Crescono i margini di Powersoft a metà 2019

Ricavi consolidati complessivi a quota 18,9 milioni di euro (+3,6%) nel primo semestre 2019 per Powersoft, la società fiorentina quotata all'Aim di Borsa Italiana e attiva nel campo degli amplificatori professionli, che vede crescere l'Ebitda (3,4 milioni, +30,3%), l'Ebit (2,3 milioni, +21,9%) e l'utile netto (1,6 milioni, +19%), con una posizione finanziaria netta al 30 giugno 2019 positiva per 8,4 milioni di euro (8,3 milioni a dicembre 2018).

«Sulla base dei risultati del primo semestre 2019 - si legge in una nota dell'azienda - in assenza di elementi di discontinuità interne o di mercato al momento non prevedibili, si ritiene ragionevole ipotizzare che il trend di crescita possa proseguire fino alla chiusura dell'esercizio. Il Management è quindi fiducioso che il Gruppo possa continuare il percorso in termini di consolidamento sul proprio mercato di riferimento».

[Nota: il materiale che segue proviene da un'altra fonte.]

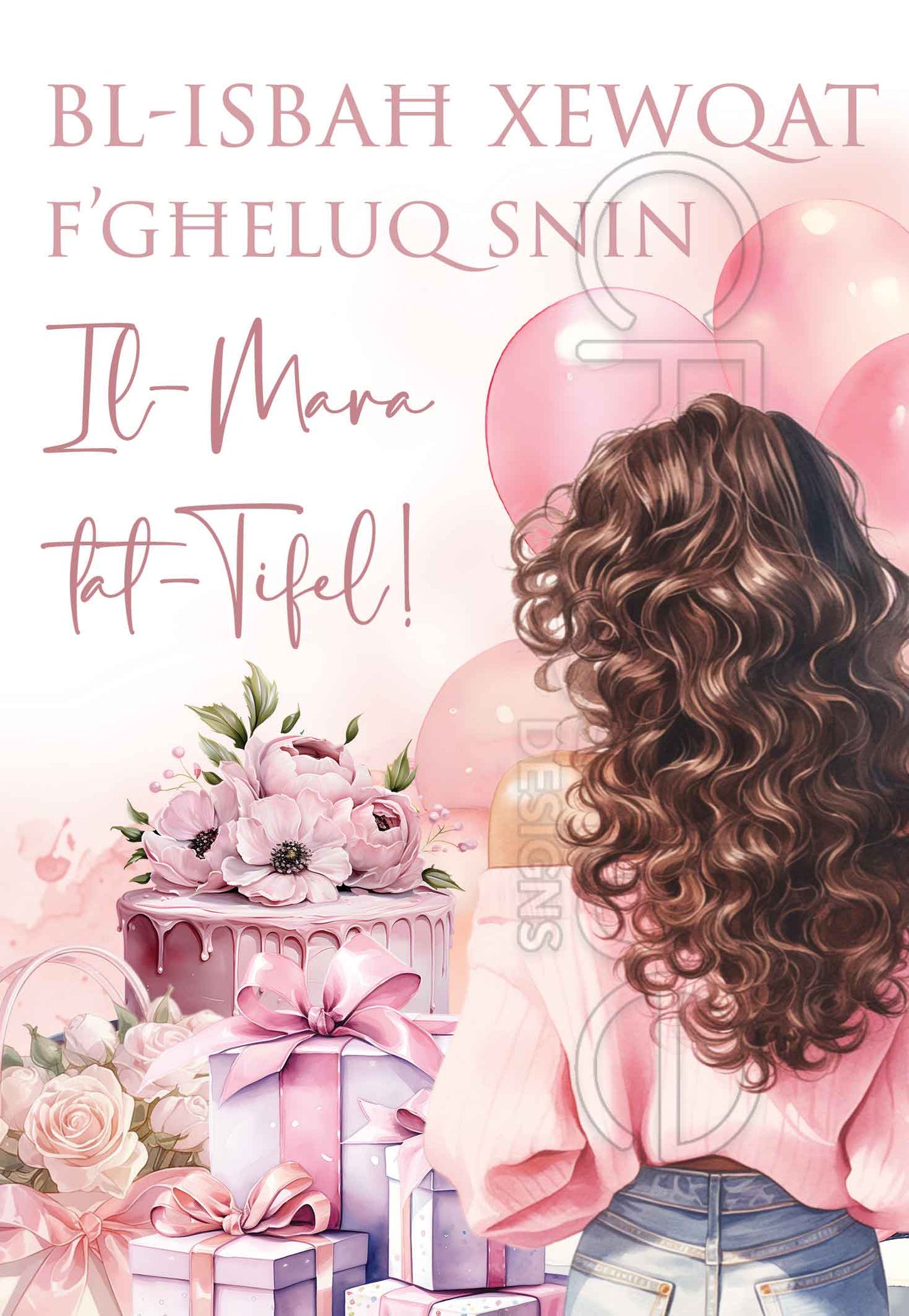 Birthday Card for daughter in law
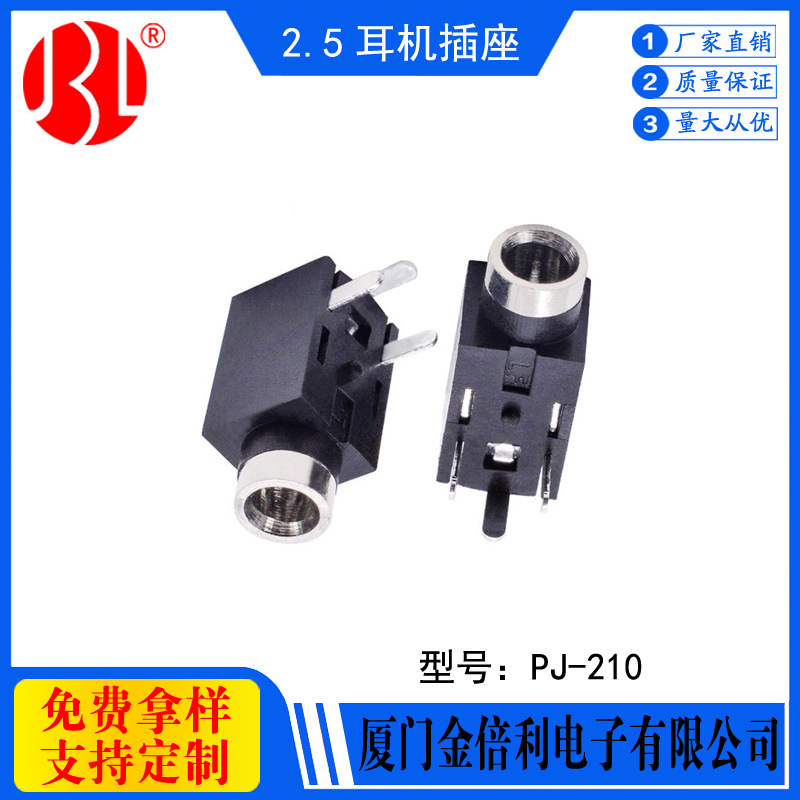 源头工厂 四脚插板耳机插座 立体声插孔 PJ-210 金属头耳机插座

L'amministratore delegato Luca Lastrucci sottolinea che «stiamo continuando ad investire fortemente in R&D per trovare nuove soluzioni tecnologiche in grado di anticipare le esigenze di mercato, e stiamo lavorando per espandere la nostra presenza, in particolare in mercati evoluti come quello americano». In questa direzione va la nomina di un manager esperto nel settore, Thomas J. Knesel, a direttore generale della controllata americana Powersoft Advanced Technologies.